Vibration of such a system is governed by the acoustic wave equation, and so the study of the associated acoustics may be expected to be well facilitated using the familiar techniques of reflection seismology.
Here, the familiar notions of Vibroseis, Fourier spectrum, cross correlation, and the Gabor spectrum are used to determine the pitches and, more importantly, the relative pitches of a particularly pleasing collection of drums that form a trap set used in jazz and popular music. Pitch determination is interesting in that, for two headed drums, how they should be tuned is not well described, and seismic analysis might be expected, through analysis of a well sounding set, to at least determine to what pitches, and relative pitches they are tuned.
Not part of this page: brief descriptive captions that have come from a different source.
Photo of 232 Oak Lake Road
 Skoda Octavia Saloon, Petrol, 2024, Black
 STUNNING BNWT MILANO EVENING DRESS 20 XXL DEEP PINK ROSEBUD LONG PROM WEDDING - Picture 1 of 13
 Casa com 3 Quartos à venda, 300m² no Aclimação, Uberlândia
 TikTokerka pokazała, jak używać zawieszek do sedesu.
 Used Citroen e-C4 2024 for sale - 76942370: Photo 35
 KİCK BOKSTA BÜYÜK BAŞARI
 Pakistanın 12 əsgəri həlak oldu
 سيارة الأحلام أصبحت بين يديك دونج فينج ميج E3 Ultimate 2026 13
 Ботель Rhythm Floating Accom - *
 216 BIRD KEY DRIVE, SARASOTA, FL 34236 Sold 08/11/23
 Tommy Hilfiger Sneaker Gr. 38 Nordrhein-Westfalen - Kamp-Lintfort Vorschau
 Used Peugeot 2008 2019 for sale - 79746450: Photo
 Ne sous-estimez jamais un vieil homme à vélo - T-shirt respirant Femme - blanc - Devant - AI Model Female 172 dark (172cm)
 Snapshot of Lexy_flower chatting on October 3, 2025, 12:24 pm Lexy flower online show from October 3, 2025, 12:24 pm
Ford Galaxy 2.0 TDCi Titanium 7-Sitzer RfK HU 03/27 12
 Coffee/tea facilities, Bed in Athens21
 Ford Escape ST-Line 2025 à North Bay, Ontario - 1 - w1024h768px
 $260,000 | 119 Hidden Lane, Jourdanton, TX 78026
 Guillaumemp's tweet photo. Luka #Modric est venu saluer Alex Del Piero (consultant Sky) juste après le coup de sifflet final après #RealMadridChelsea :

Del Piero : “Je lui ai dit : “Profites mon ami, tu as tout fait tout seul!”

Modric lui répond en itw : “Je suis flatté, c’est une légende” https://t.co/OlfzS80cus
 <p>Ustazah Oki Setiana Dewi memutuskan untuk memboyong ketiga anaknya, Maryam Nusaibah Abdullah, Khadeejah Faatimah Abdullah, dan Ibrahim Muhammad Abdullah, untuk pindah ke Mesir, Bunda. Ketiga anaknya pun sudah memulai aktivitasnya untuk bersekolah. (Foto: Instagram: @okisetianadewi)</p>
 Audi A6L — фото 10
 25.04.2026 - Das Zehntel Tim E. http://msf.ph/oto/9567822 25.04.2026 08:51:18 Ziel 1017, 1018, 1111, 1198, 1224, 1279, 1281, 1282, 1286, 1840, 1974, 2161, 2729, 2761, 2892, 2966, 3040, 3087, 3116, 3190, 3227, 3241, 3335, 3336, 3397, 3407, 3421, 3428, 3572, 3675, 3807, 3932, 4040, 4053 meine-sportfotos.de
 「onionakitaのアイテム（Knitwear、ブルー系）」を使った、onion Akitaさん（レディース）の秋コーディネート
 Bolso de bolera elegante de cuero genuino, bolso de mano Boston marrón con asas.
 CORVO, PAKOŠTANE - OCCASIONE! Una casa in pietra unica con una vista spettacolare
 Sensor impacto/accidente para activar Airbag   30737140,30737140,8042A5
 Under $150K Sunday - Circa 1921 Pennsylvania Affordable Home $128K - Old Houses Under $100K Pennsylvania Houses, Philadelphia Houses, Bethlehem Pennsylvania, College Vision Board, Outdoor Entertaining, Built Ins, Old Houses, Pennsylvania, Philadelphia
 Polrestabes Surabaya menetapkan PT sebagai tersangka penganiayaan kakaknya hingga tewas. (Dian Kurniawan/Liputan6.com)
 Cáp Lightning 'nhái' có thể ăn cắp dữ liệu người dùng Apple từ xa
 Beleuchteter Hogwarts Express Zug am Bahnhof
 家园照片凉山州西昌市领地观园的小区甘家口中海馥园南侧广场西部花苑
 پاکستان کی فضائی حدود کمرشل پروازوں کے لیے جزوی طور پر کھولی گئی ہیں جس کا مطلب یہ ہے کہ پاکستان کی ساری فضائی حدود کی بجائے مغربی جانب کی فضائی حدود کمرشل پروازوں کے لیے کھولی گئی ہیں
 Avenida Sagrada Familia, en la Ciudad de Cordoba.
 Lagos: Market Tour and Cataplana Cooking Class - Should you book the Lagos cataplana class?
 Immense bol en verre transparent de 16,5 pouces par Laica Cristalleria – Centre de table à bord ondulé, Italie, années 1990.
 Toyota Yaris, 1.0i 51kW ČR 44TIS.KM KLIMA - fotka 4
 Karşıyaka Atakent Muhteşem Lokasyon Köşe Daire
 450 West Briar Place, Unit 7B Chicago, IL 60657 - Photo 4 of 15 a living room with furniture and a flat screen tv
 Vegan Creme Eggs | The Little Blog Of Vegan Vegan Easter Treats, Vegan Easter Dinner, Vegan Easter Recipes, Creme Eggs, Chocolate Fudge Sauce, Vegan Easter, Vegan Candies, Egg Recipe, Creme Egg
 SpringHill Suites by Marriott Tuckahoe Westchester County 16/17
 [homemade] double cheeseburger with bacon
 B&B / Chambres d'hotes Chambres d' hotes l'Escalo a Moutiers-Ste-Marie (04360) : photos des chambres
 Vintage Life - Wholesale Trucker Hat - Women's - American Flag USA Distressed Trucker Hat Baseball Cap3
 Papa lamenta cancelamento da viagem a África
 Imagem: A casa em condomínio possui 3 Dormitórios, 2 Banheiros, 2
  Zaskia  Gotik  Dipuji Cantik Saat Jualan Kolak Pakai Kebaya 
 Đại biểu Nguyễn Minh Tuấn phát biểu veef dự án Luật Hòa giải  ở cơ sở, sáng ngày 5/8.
It is found that, for this particular set of three drums, the tom tom drum (the smallest) is tuned to approximately 120 Hz, the floor tom (intermediate in size) is tuned to approximately 80 Hz, and the bass drum (the largest) is tuned to approximately 60 Hz. These pitches correspond to the batter heads (the struck heads), and the resonant heads are tuned to similar pitches with the exception of the bass drum. It is found that the relative pitches of the resonant heads correspond to three of the most pleasing of the classical musical intervals octave (tom tom / bass), perfect fifth (tom tom / floor tom), and perfect fourth (floor tom / bass drum).